Not homework, but workwork

Okay, so I work for a community program. We receive referrals and then attempt to contact clients to participate in our program. We send a couple letters, maybe make a phone call, that sort of thing. The client in question either responds and participates in the program, or does not.

I'm looking at the raw numbers over the course of a year, and my goal is to identify whether or not our processes may be biased against members of various ethnic groups.

I can look at the accept/reject rates as percentages, but that would just be eyeballing the question. It feels kinda like the answer is in confidence intervals, but despite many "events" over the course of a year, I only seem to have 1 data point (the percentage for the year). I could construct a time series, but that doesn't seem like it moves me in the right direction either.

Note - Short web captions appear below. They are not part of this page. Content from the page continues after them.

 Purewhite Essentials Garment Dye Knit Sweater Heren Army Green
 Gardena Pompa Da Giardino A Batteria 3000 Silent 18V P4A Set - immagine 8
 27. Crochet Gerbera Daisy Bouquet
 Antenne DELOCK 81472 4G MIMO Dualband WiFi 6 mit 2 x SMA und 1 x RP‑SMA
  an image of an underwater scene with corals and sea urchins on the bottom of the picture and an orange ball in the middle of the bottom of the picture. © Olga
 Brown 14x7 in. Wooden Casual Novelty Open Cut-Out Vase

The question I'm trying to answer would be something like this: Out of 2000 people offered the program in 2007, 1000 are Caucasian, 750 are African American, 250 are Asian American. 90% of Caucasians, 85% of African Americans participate and 70% of Asian American participate. For the whole sample, about 86% of people participate. Is the participation rate for Asian Americans significantly lower than the sample mean? Significantly lower than the Caucasian rate? How significant is the difference? Can I draw any sort of conclusion about the population, or only with respect to the sample?

If you can even get me pointed in the right direction, that would be really helpful.


TS Contributor
I would agree with the chi-square. Just from a quick look, it appears that Asian-American participation is lower than one would expect......
it appears that Asian-American participation is lower than one would expect
That was the intention of my entirely manufactured example. My point is to emphasise my uncertainty about how much sample size is affecting things. For example, if there was 1 Martian among the 2000 people, he either participated or did not, giving 100% or 0% participation by Martians. Obviously, we cannot draw a statistically significant conclusion about Martian participation in comparison to the ~86% sample participation rate.

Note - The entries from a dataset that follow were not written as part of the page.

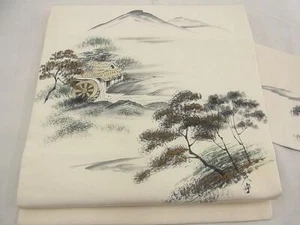 JAPANESE KIMONO BELT NAGOYA OBI PURE SILK E3394 - Picture 1 of 4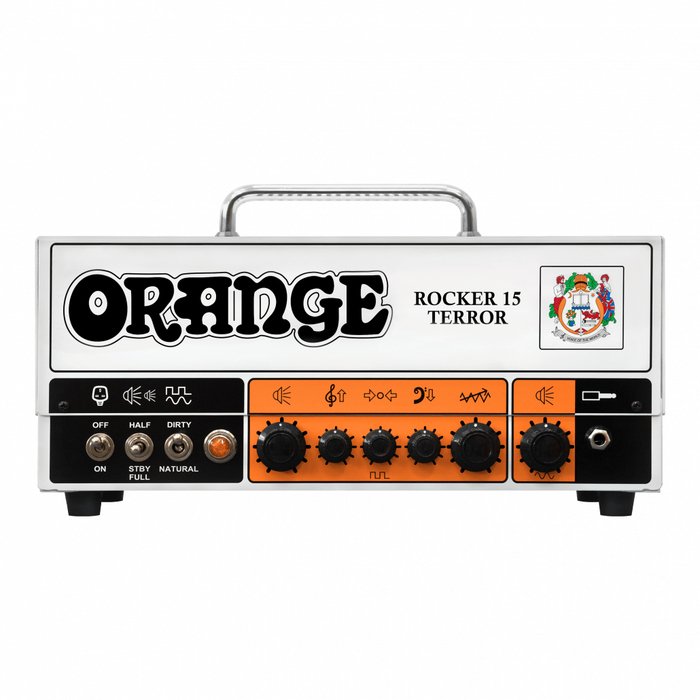 Orange ROCKER-15-TERROR Rocker 15 Terror Amp Head - 0.5, 1, 7, 15 Watts, Class A, EL84, With Gig Bag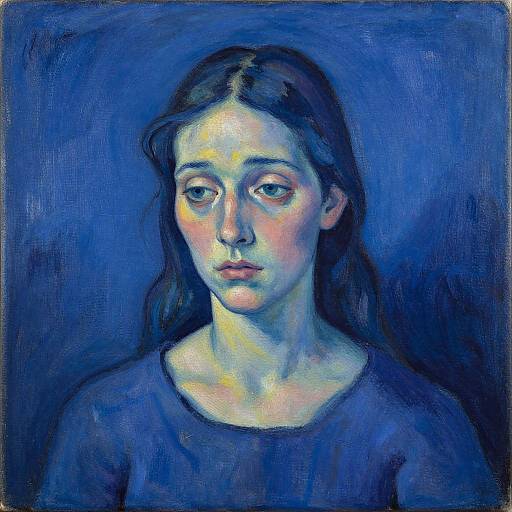 Expressionist portrait of a young woman with pale skin and long brown hair, wearing a blue shirt, against a dark blue background. Painted in vibrant
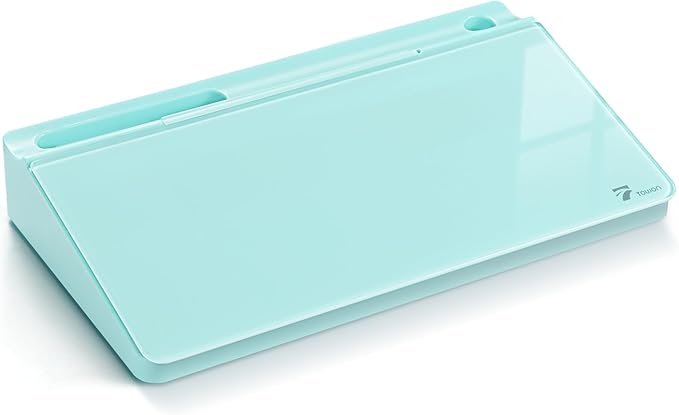 TOWON Small Compact Glass Desktop Whiteboard with Storage – 12 x 7 in Dry Erase Board for Desk, Home Office, School | Includes 5 Markers, Eraser & Holder | Space-Saving Organizer, Aesthetic Teal Blue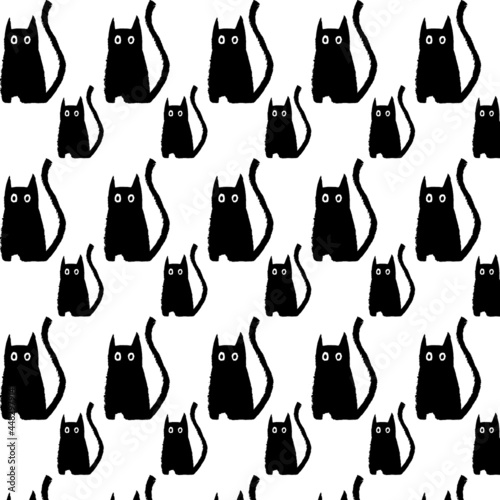 Vector pattern with black cats on a white background. Halloween. All Saints' Day. Hand drawing. Doodle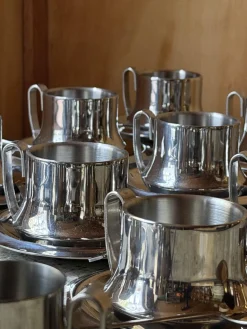 Italienisches Mid-Century Modern Stella 18/10 Espresso Service aus Edelstahl, 1970, 26 . Set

So, I could use a Chi-Squared Test of Goodness of Fit, break the sample down by ethnic group, and use the sample participation rate * the number of clients in each segment to determine the expected value?

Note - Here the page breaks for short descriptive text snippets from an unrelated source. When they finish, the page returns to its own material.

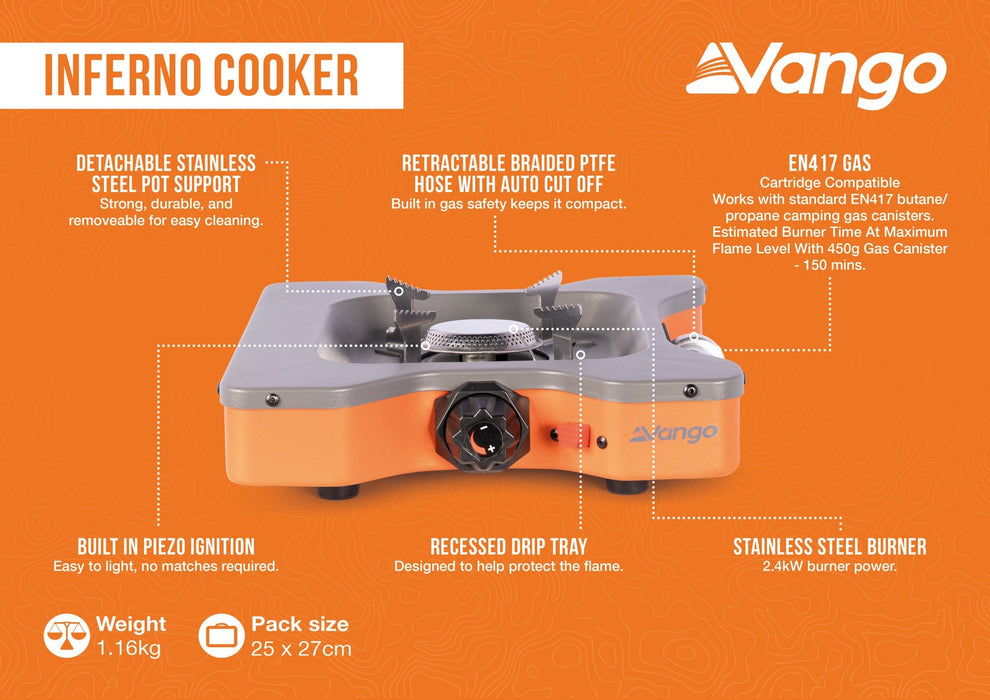 Vango Inferno Compact Outdoor Stove - product features infographic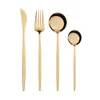 4Pcs/Set Golden Western Dinnerware Set Durable Stainless Steel Tableware Knife Fork Soup Dessert Ice Cream Spoon Cutlery Flatware Set Home Restaurant HY0329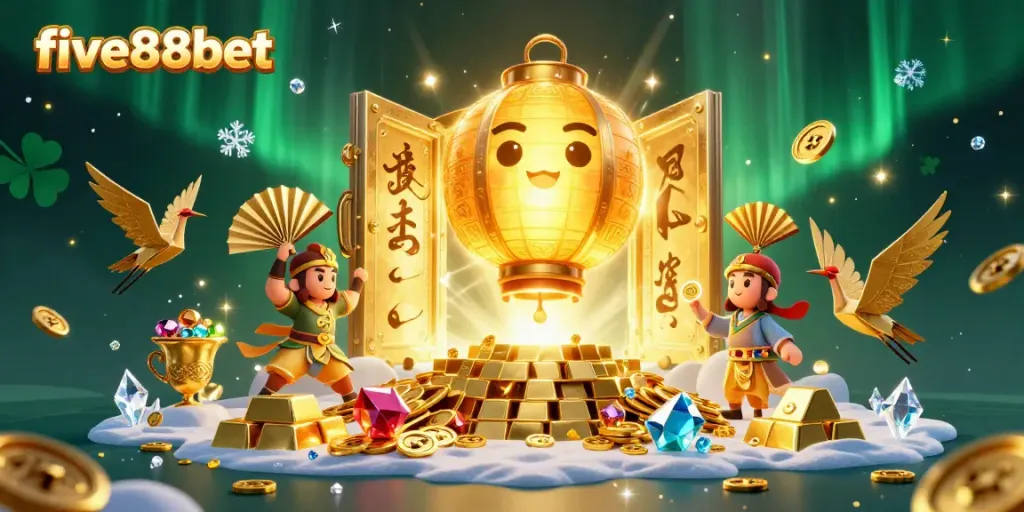 Spin the reels at five88bet's vibrant casino, illuminated by golden treasures and dynamic characters.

So: (856-900)^2/856+(642-638)^2/642+(214-175)^2/214
= 2.262+0.043+7.107
= 9.412

Alpha .05, df = 2, critical value is 5.99

So, we are 95% confident that the three segments do not participate at the same rate.

What other conclusions can I draw from that? The Asian American segment contributes the most to the chi-squared value, which implies that they are the most deviant from the mean, but I could see that by eyeballing the data.

Is there a test I can perform to show how significantly they deviate from the sample? Any other tests that might give me a juicy, useful tidbit of conclusion?


TS Contributor
This comes up a lot. Statistical analysis is strictly a numerical tool to help you discern the "significant" from the background noise - that's it. Sometimes charlatans sell it for more than what it really is. It's really up to the researcher / investigator to find meaning in the numbers and draw conclusions that are relevant to the research question(s).....


New Member
The problem is that differences almost always are statistically significant in large samples even if the practical significance is nonexistent. I prefer making confidence intervals when possible to get an idea of how large the difference is. In this case, I would make simultaneous confidence interval for difference between groups of interest.
Funny...I just finished reading an advocating the use of equivalence testing in situations with large sample sizes.

There are times when the difference between means are statistically different (due to a high level of power) but small enough to be considered practically negligible.

It took me a couple days to finally find an article that clearly articulates the argument for using equivalence testing while also providing step-by-step instructions with examples. It's from a psychology professor so it's more closely related to your problem.

I don't know if you're having a problem with too much power or not, but if so, private message me and I'll send you the article.